----- Dataset section -----

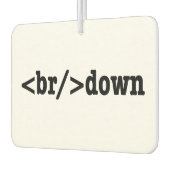 ブレークダウンHTMLコード カーエアーフレッシュナー (左)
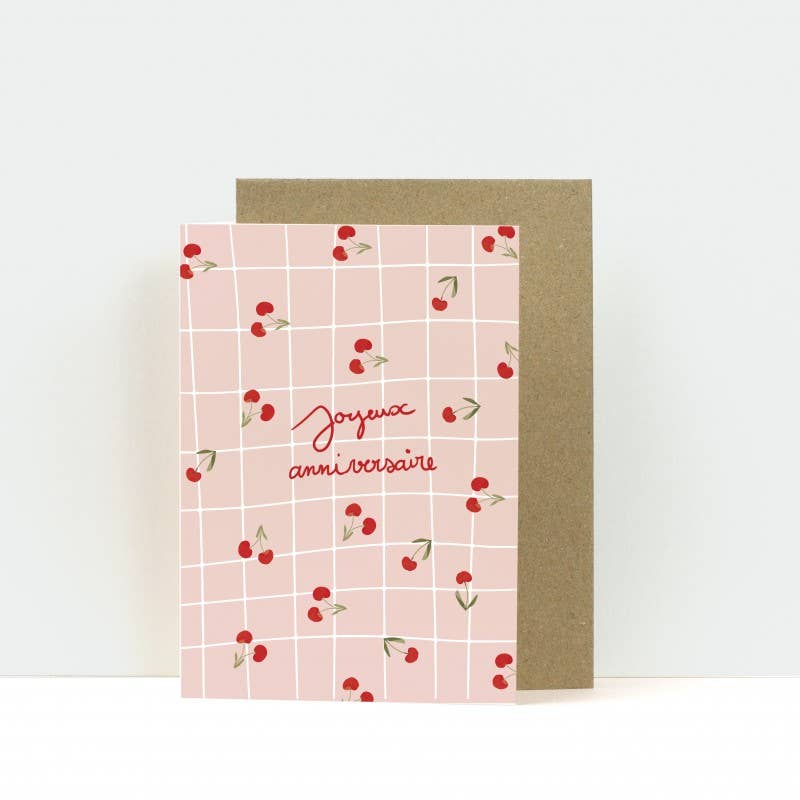 MY LOVELY THING - Double carte joyeux anniversaire – Belle de Mai - Lili Margaret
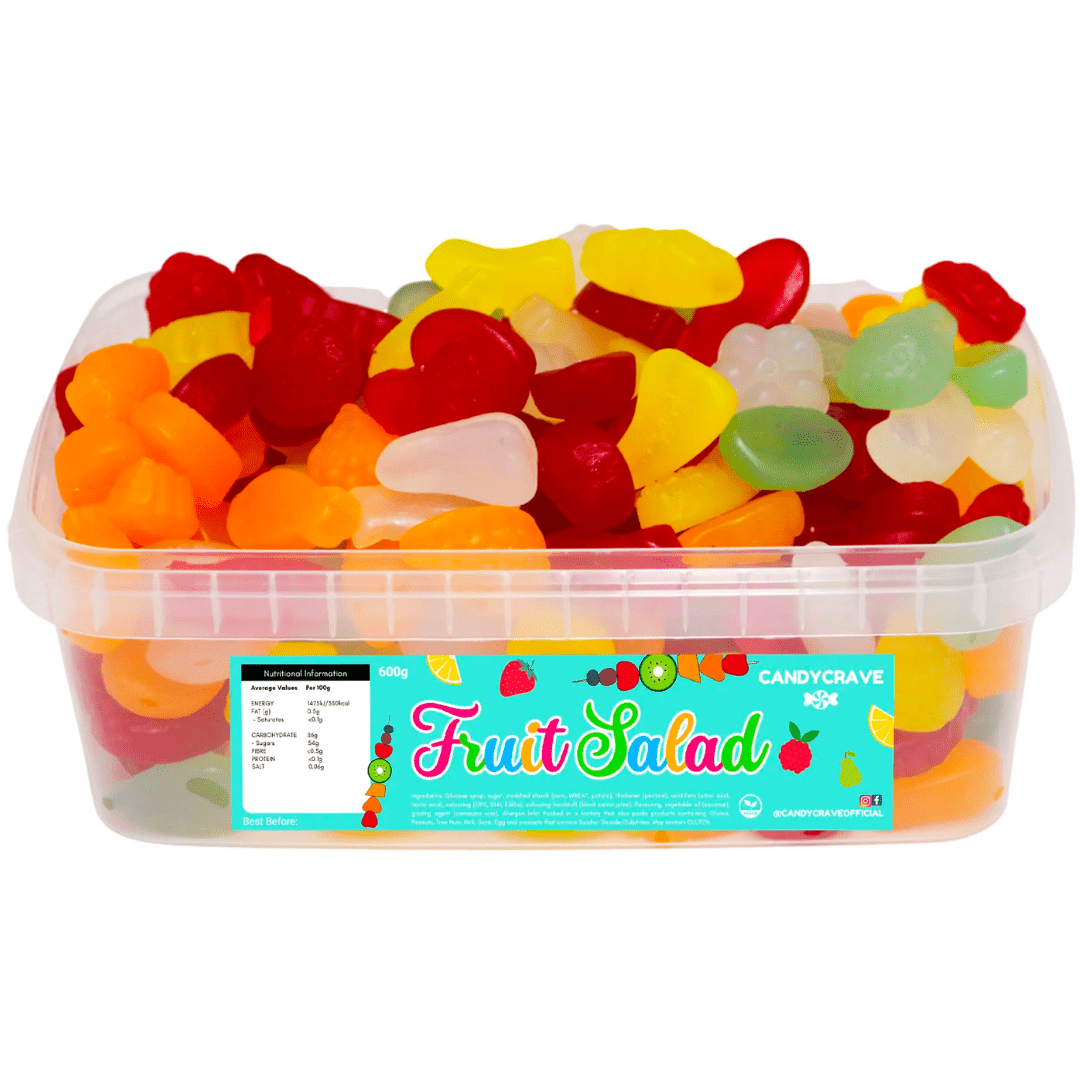 Candycrave Fruit Salad Gums Tub 600g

-----

The problem :: Would you reproduce the listing above in full and exactly, without its pictures?

Answer box ::
 ブレークダウンHTMLコード カーエアーフレッシュナー (左)
 MY LOVELY THING - Double carte joyeux anniversaire – Belle de Mai - Lili Margaret
 Candycrave Fruit Salad Gums Tub 600g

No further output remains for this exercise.